Ces énoncés ont été retraduits au fil des siècles en fonction de la culture de l’époque.
Le Moyen-Age était marqué par une certaine façon d’imaginer le temps qui suit la mort. Le tympan de plusieurs cathédrales évoque la fin du monde. Un Christ en gloire sépare les humains rejetés en enfer à cause de leurs fautes et des élus qui s’en vont au paradis. Crainte et tremblement traversent les croyants : de quel côté vont-ils pencher ? Une hymne liturgique du XIIIème siècle traduit l’angoisse de cette époque :
Jour de colère, que ce jour-là
Où le monde sera réduit en cendres,
…
Quelle terreur nous saisira
Lorsque le Juge apparaîtra
Pour tout juger avec rigueur !
…
Le livre alors sera ouvert,
Où tous nos actes sont inscrits ;
Tout sera jugé d’après lui.
Lorsque le Juge siégera,
Tous les secrets seront révélés
Et rien ne restera impuni.
L’Eglise hiérarchique a formulé des dogmes : elle annonce « un jugement particulier » où chacun sera soumis à l’instant de sa mort et « un jugement dernier » où tous ressusciteront. Jésus alors se manifestera en juge : les uns seront rejetés « dans un feu qui ne finit pas », l’enfer, et les autres accompagneront le Christ en un lieu de bonheur qu’on nomme « Royaume des cieux ». L’habitude s’est prise de le désigner par le terme « paradis » qui n’est pas employé par Jésus. Entre le Paradis et l’Enfer, on en est venu à parler de Purgatoire : lieu de purification par où transiteraient ceux dont le péché est pardonnable.
Ecrasés par la peur ?
Faut-il en conclure que le catholicisme a introduit une conception pessimiste de l’humanité : chacun devrait être écrasé par le poids de ses fautes et traverser la vie en tremblant, pareil au délinquant qui a peur d’être pris et condamné.

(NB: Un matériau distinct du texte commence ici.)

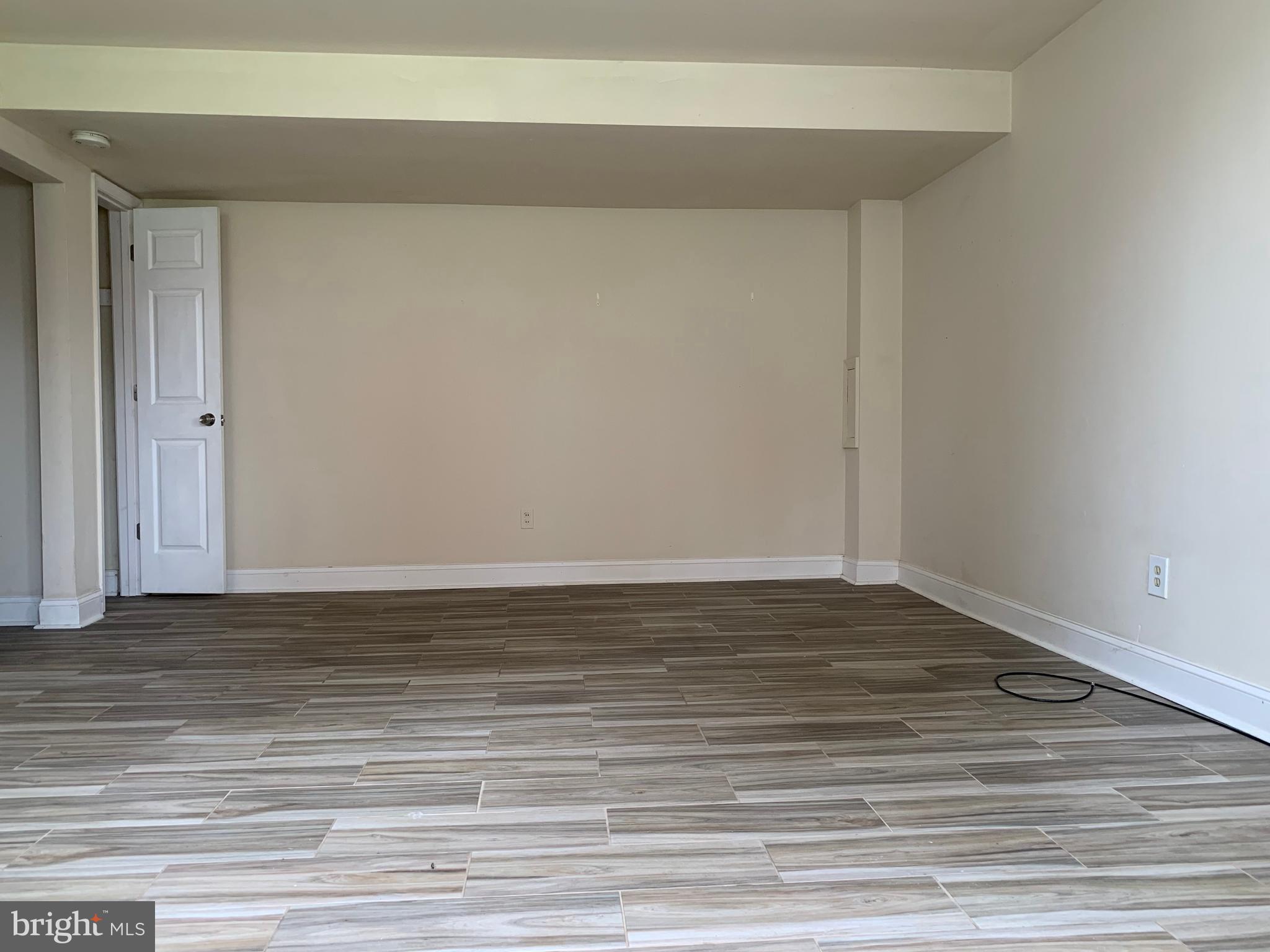 4225 Elsa Terrace, Unit B Baltimore, MD 21211 - Photo 2 of 4 Main room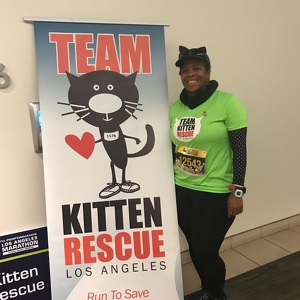 Fundraising Page: Kat Edwards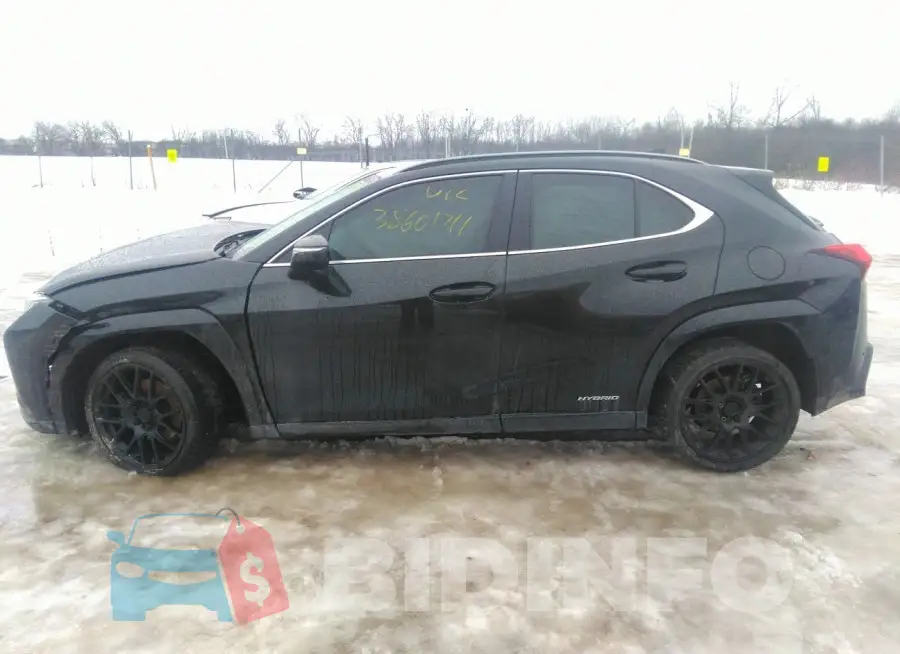JTHP9JBH3M2045794 Photo# 14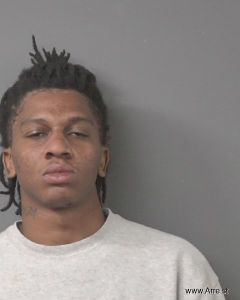 Tyjuan Wooten Arrest Mugshot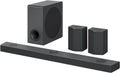 LG Electronics S95QR Silver 9.1.5 Channels 810 W Bluetooth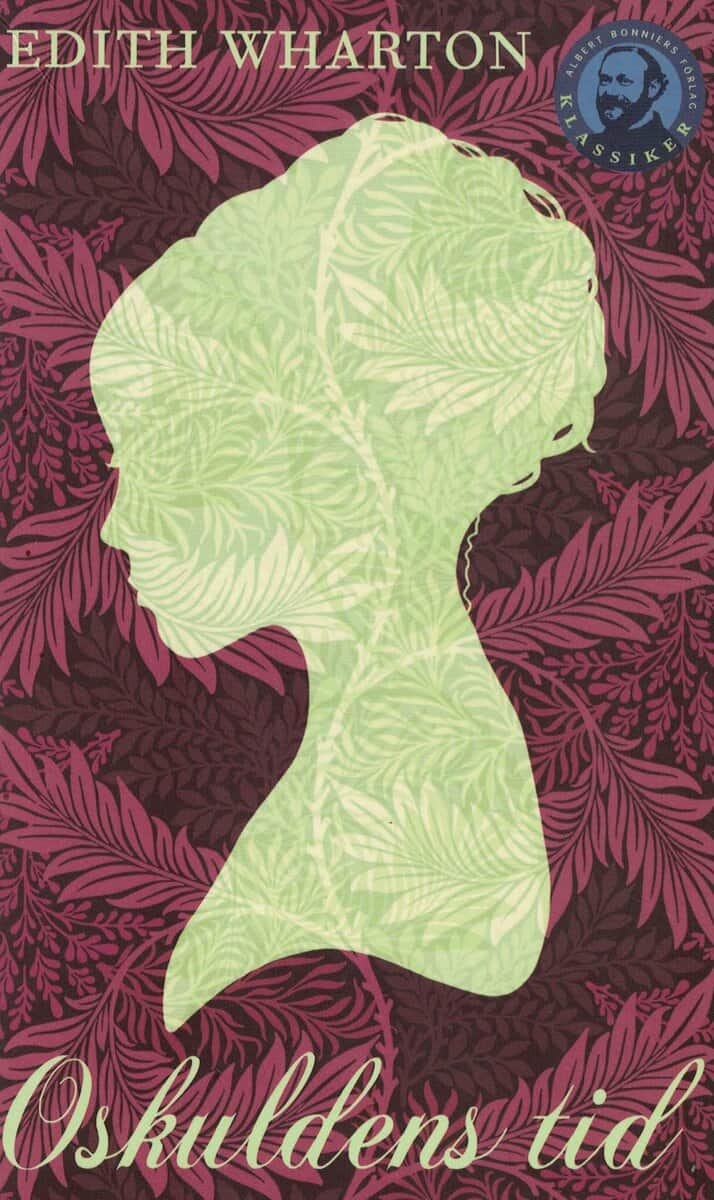 Edith Wharton : Oskuldens tid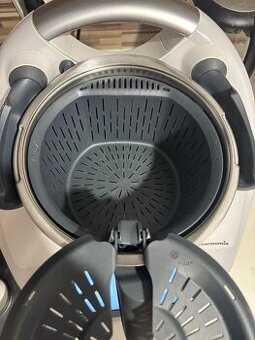 Termomix 6 Vortex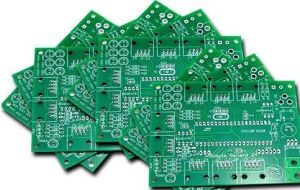 single side pcb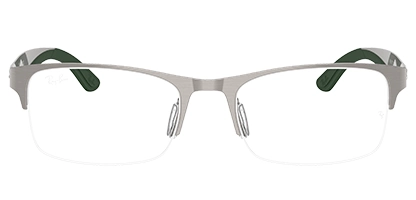 0RX7551 3221 Gunmetal 54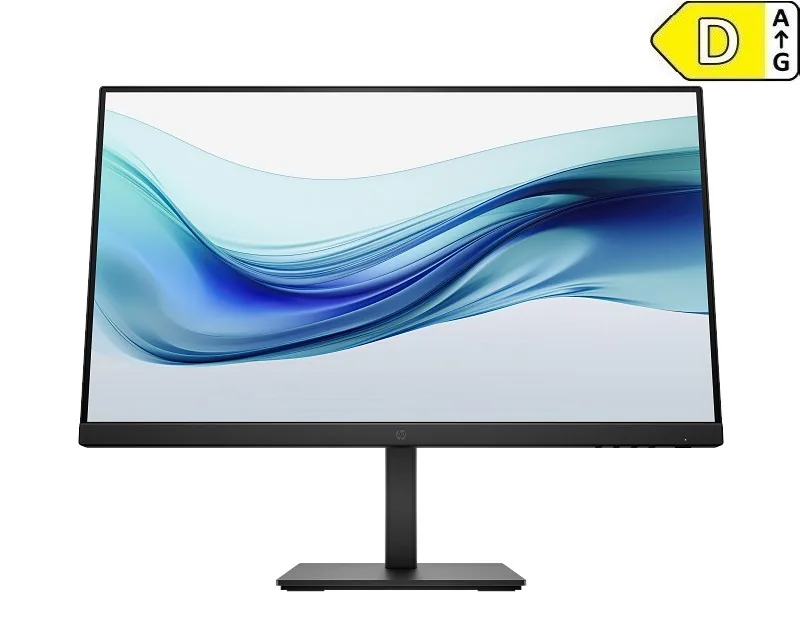 HP Series 3 Pro 324pe Monitör önden görünüm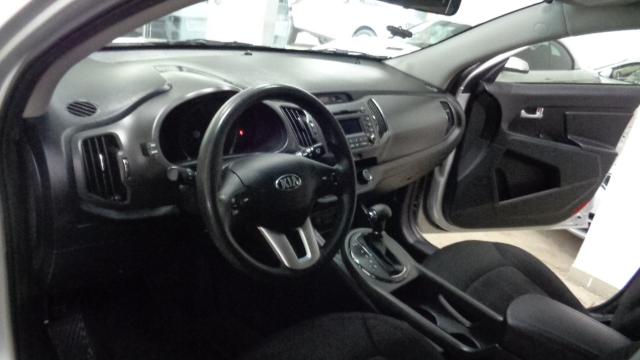 KIA SPORTAGE 2013/2013 2.0 LX 4X2 16V FLEX 4P AUTOMÁTICO - Foto 7
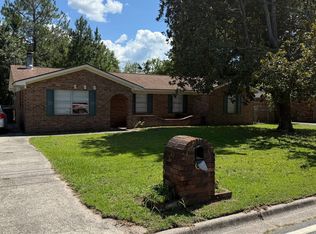 217 Glenn Bryant Rd, Hinesville, GA 31313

En réalité le sentiment de culpabilité existait bien avant le christianisme. Il était au cœur de la tragédie grecque au Vème siècle précédant l’ère chrétienne. Oreste, dans le drame d’Eschyle, était poursuivi par les Erinyes - des divinités infernale - alors qu’il avait été contraint de choisir entre le devoir de venger son père et celui de respecter la vie de ceux qui avaient tué ce dernier. De même Œdipe, dans le texte de Sophocle, trainait sa vie, écrasé par le remord d’actes qu’il n’avait pas voulus.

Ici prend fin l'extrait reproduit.